I have been busy cooking today. I have made sweet potato pies and pecan pies. I have my corn bread and biscuits crumbled up into a big bowl just waiting on all the other good stuff that will be added to it tomorrow to make the dressing. I have pressure cooked the turkey innards for the giblet gravy and even baked the small turkey and ham.
Since they alternate Thanksgiving every year, Amanda, Kelvin and my grandbabies will be spending Thanksgiving with his family this year. So it will just be me and Dan doing the feasting…but that's okay…there will be some great left overs for the rest of the week.
Being busy has helped me keep my mind of of the fact that forty two years ago today, about this time, I was at the Nathaniel Green Motel here in town….with a man. We had a one night honey moon right here in Greensboro.

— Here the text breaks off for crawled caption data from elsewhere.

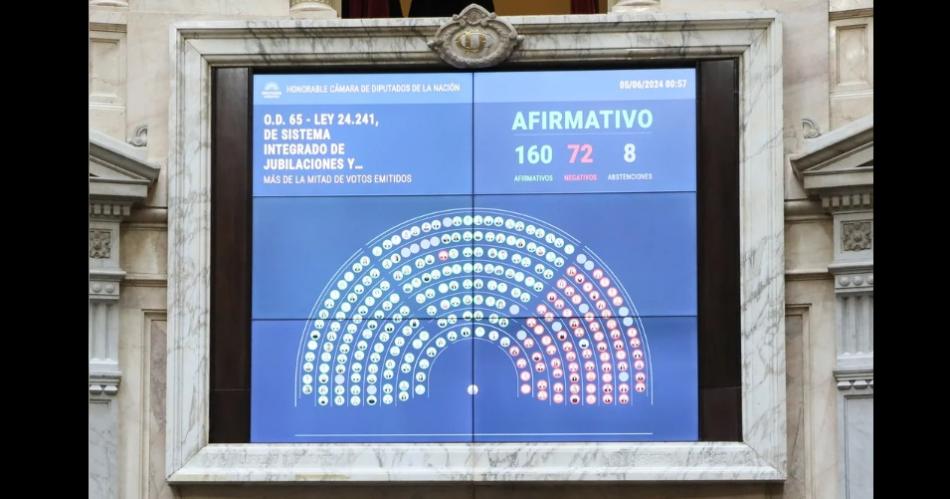 Diputados envioacute al Senado el proyecto aprobado sobre movilidad de la foacutermula jubilatoria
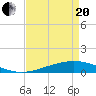 Pelican Islands tide chart for Tuesday, April 20, 2021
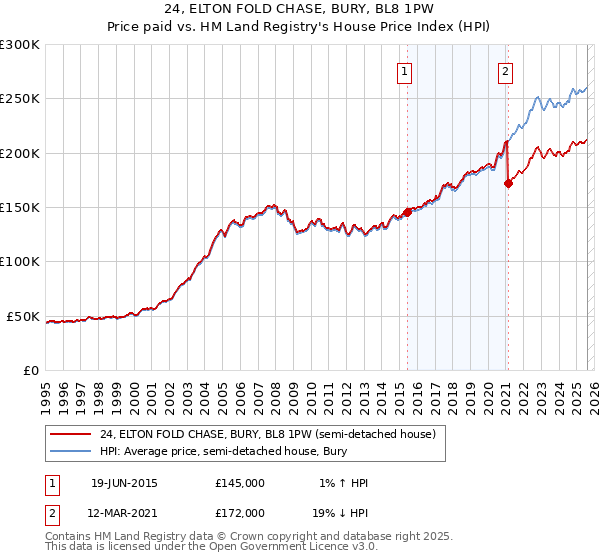 24, ELTON FOLD CHASE, BURY, BL8 1PW: Price paid vs HM Land Registry's House Price Index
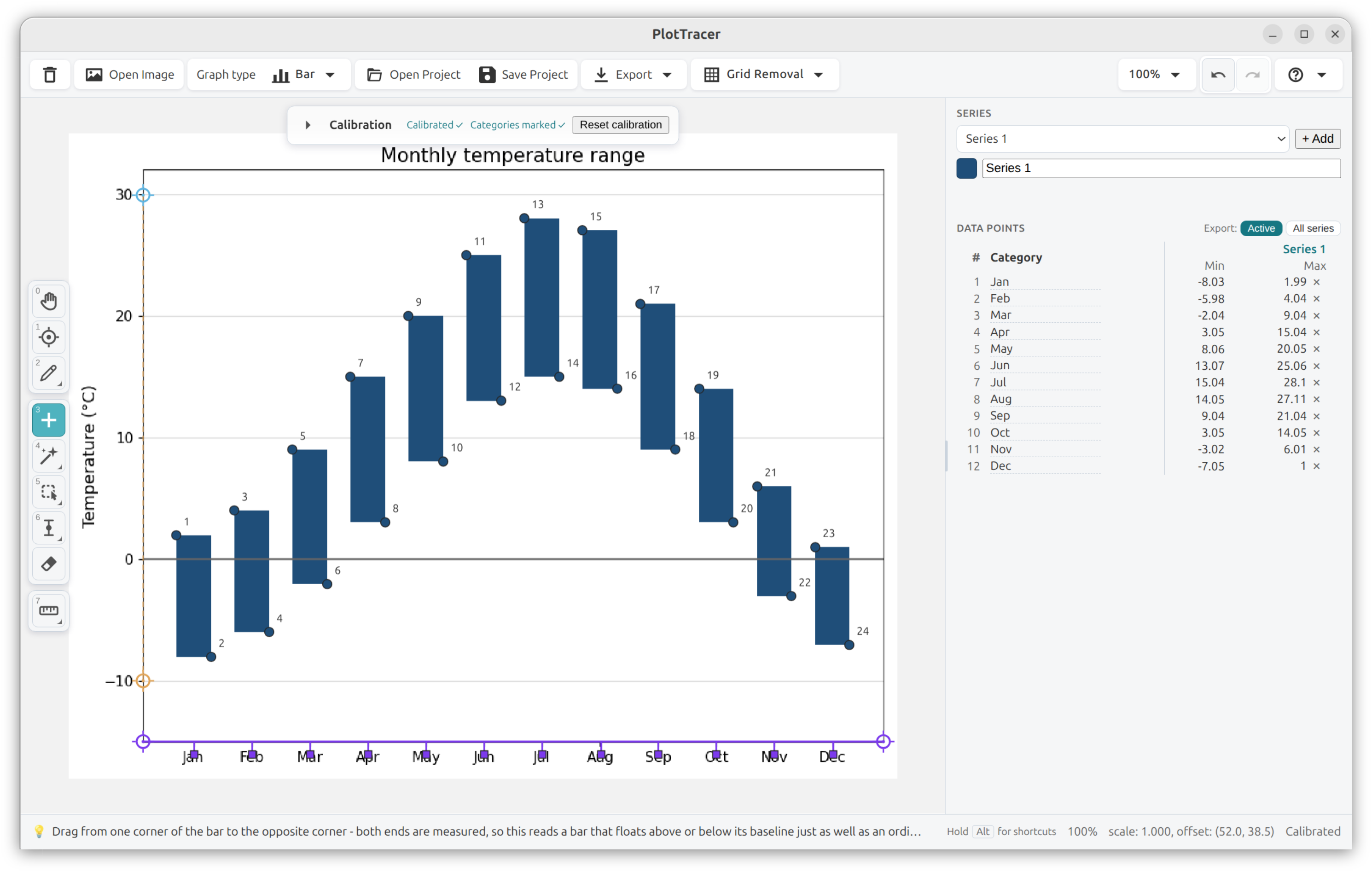A floating bar chart in PlotTracer being captured - monthly temperature ranges, each bar recorded by dragging corner to corner so both of its ends are measured, bars that cross zero kept whole, and the categories named down the right panel beside each bar's Min and Max.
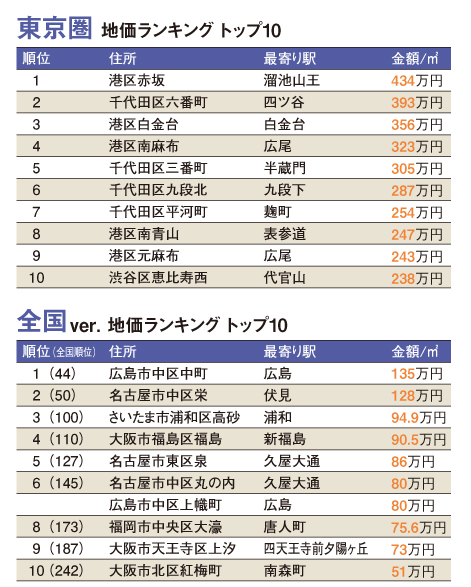 高級住宅地イメージと地価は比例しない ブランド地名 の今昔 21年3月19日 エキサイトニュース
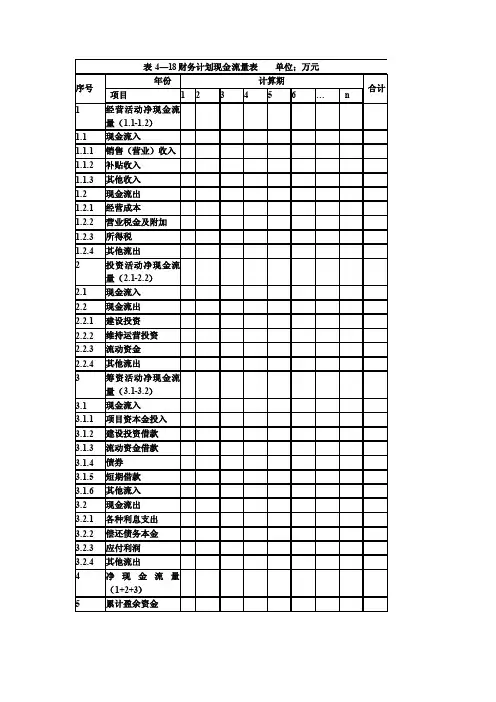 财务计划现金流量表和借款还本付息表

I was eighteen and though you can get married at eighteen in the state of Georgia…unfortunately Danny was only seventeen, so we had to go to Aiken S. C. to get married. We rode all the way up there in a bright yellow Ford Maverick. My daddy, my mama, my two sisters and a brother-in-law, along with Danny and I. Seven people in that little car all together, all the way to Aiken S.C.
Because the only place for me to sit was in Danny's lap, to keep my head out of the roof of the car, I had to hold my head sideways. By the time we got to Aiken, I could hardly hold my head upright or straight! We were married at the Court House with the Justice of the Peace; Mildred Boswell, preforming the very short ceremony in front of my parents and sisters.
One vow stands out more than the rest now…”Till death do we part.”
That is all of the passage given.